___ INPUT DATA
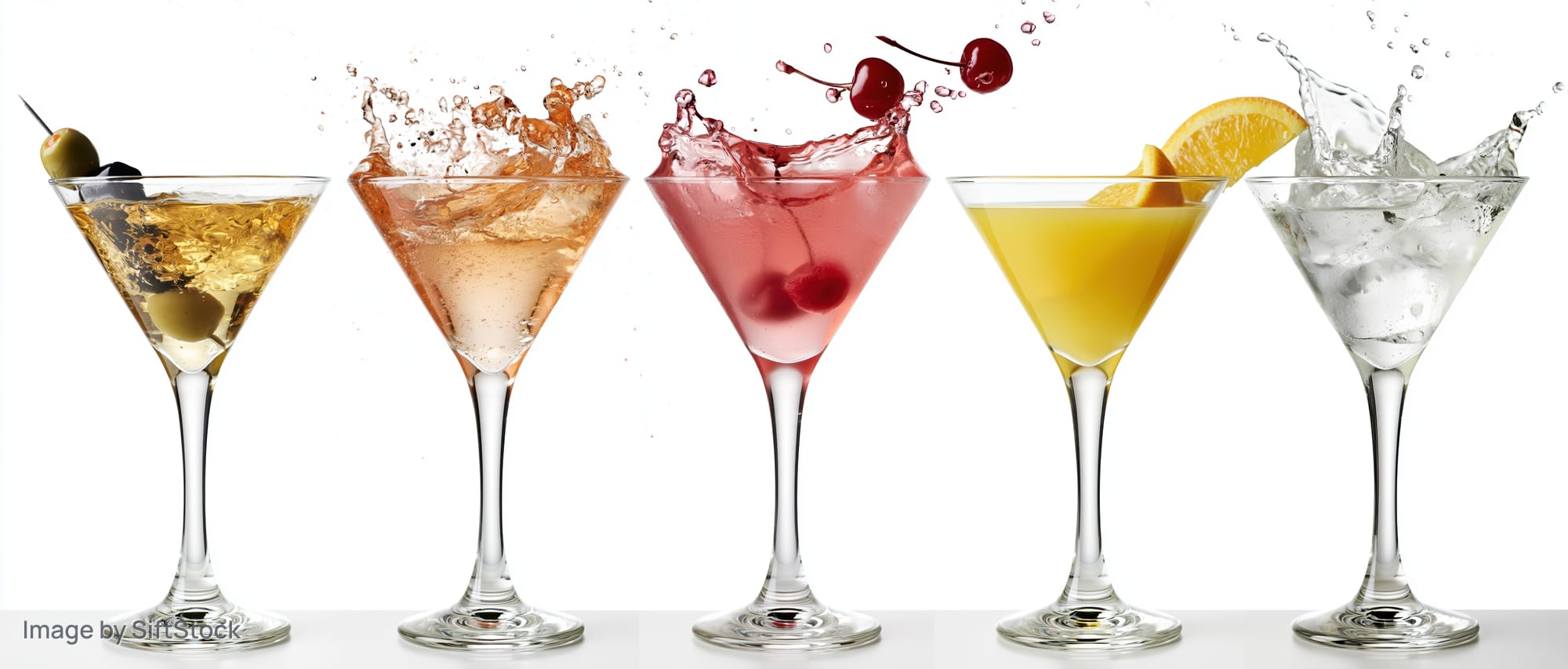 Five martini glasses in a row each filled with different cocktails and garnishes on a white background
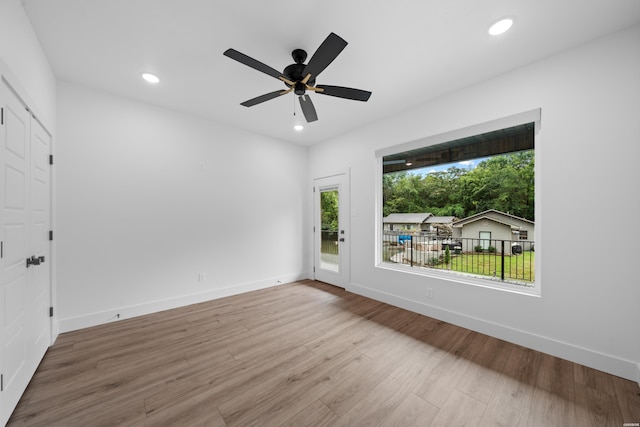 spare room with recessed lighting, ceiling fan, baseboards, and wood finished floors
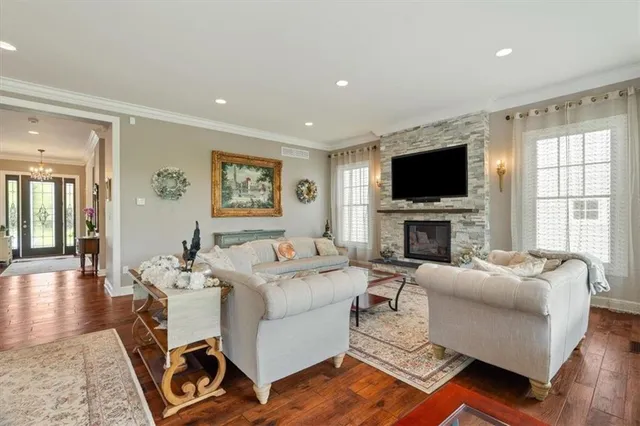 a living room with fireplace furniture and a flat screen tv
______
* [EXERCISE INSTRUCTIONS]:
Copy the listing verbatim, omitting images.

* [SOLUTION FOR THIS PROBLEM]:
 Five martini glasses in a row each filled with different cocktails and garnishes on a white background
 spare room with recessed lighting, ceiling fan, baseboards, and wood finished floors
 a living room with fireplace furniture and a flat screen tv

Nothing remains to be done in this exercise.